Recently, a seemingly simple mathematical comparison question "Which one is bigger, 13.8 or 13.11?" has stumped many people, including some advanced AI models. The editor of Downcodes will take you to delve into this incident, analyze the shortcomings of AI in dealing with common sense issues, and the direction of future improvement. This not only reveals the limitations of AI technology, but also triggers people's thinking about the future development of AI.
Recently, a simple mathematical question—which is bigger, 13.8 or 13.11?—not only stumped some humans, but also put many large language models (LLM) into trouble. This question has sparked widespread discussion about AI's ability to handle common-sense problems.
In a well-known variety show, this issue triggered heated discussions among netizens. Many people think that 13.11% should be greater than 13.8%, but in fact, 13.8% is greater.
AI2 researcher Lin Yuchen found that even large language models, such as GPT-4o, make mistakes on this simple comparison problem. GPT-4o mistakenly believed that 13.11 was larger than 13.8 and gave the wrong explanation.
Lin Yuchen's discovery quickly aroused heated discussions in the AI community. Many other large language models, such as Gemini, Claude3.5Sonnet, etc., also make the same mistake on this simple comparison problem.
The emergence of this problem reveals the difficulties that AI can encounter when dealing with tasks that seem simple but actually involve precise numerical comparisons.

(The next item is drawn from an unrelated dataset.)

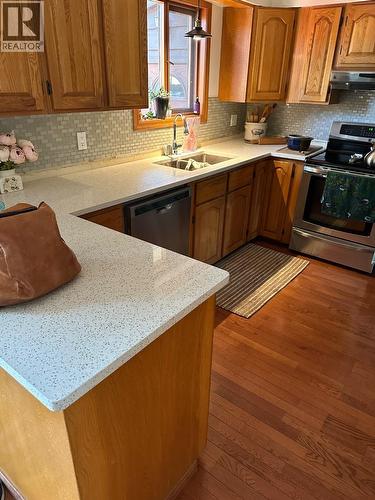 5128 44 Place Ne, Chetwynd, BC - Indoor Photo Showing Kitchen With Double Sink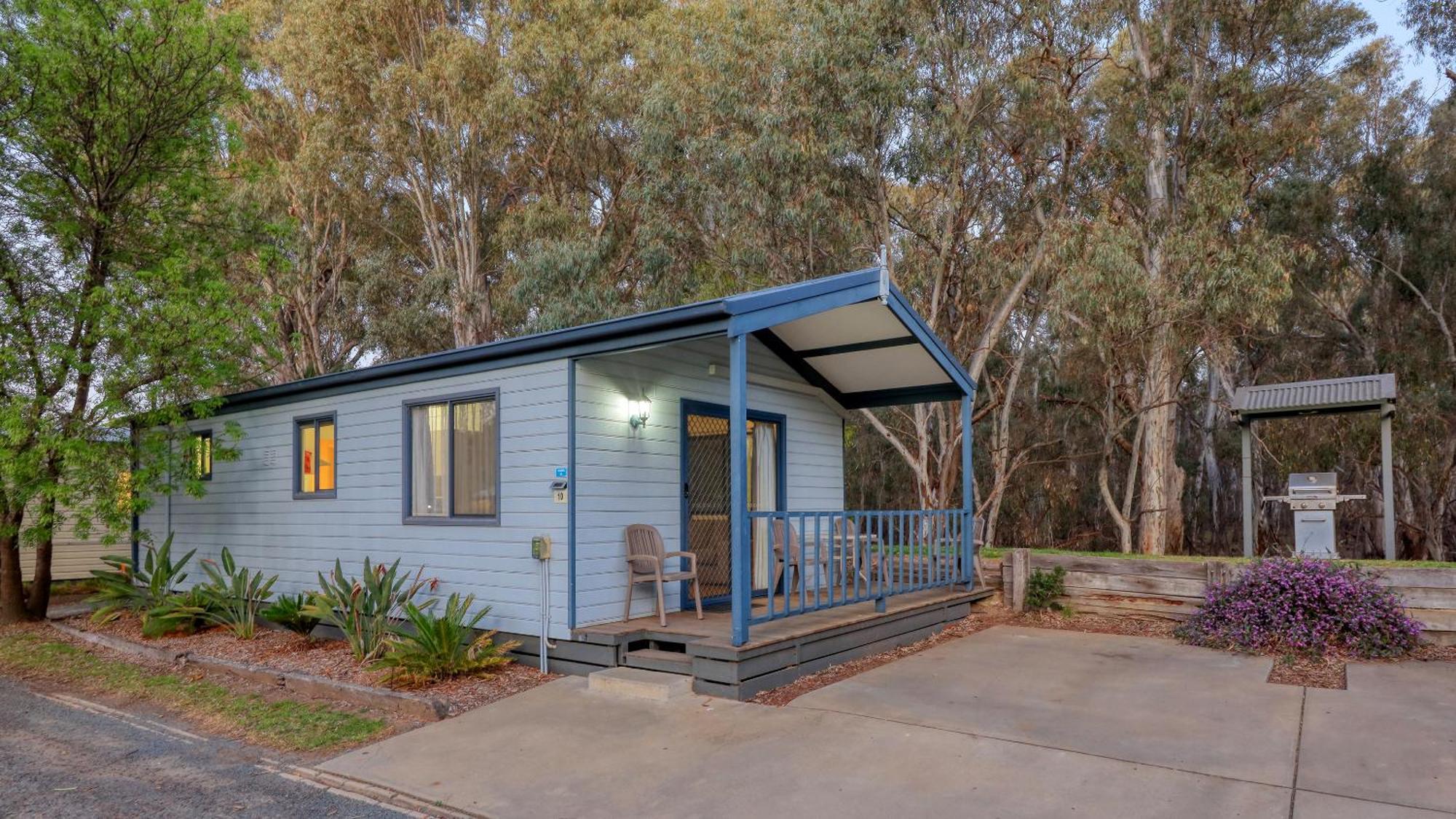 Deniliquin Riverside Caravan Park Exterior photo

Although artificial intelligence has made significant progress in many fields, such as natural language understanding, image recognition, and complex decision-making, they can still make mistakes when it comes to basic mathematical operations and logical reasoning, showing the limitations of current technology.
Why does AI make such mistakes?
Bias in the training data: The training data for the AI model may not contain enough examples to correctly handle this specific type of numerical comparison problem. If the model is exposed to data during training that primarily indicates that larger numbers always have more decimal places, it may incorrectly interpret more decimal places as larger values.
Floating point precision issues: In computer science, the representation and calculation of floating point numbers involves precision issues. Even small differences can cause erroneous results when comparing, especially if the precision is not explicitly specified.
Insufficient contextual understanding: While contextual clarity may not be a major issue in this case, AI models often need to correctly interpret information based on context. Misunderstandings can result if the question is formulated in a way that is not clear enough or does not match patterns common to AI in training data.
Impact of prompt design: How you ask questions to an AI is critical to getting the right answer. Different questioning methods may affect the AI's understanding and accuracy of answers.
How to improve?
Improved training data: By providing more diverse and accurate training data, AI models can be helped to better understand numerical comparisons and other basic mathematical concepts.
Optimize prompt design: Well-designed problem formulation can increase the chance of AI giving the correct answer. For example, using more explicit numerical representations and questioning methods can reduce ambiguity.
Improve the accuracy of numerical processing: Develop and adopt algorithms and techniques that handle floating point operations more accurately to reduce computational errors.
Enhanced logical and common sense reasoning capabilities: Through training specifically focused on logical and common sense reasoning, AI’s capabilities in these areas are enhanced, allowing it to better understand and handle common sense-related tasks.
All in all, the flaws exposed by AI in handling simple mathematical comparison problems remind us that AI technology is still in the development stage and needs continuous improvement and improvement. In the future, by optimizing training data, improving algorithms and enhancing logical reasoning capabilities, AI will make greater progress in handling common sense problems.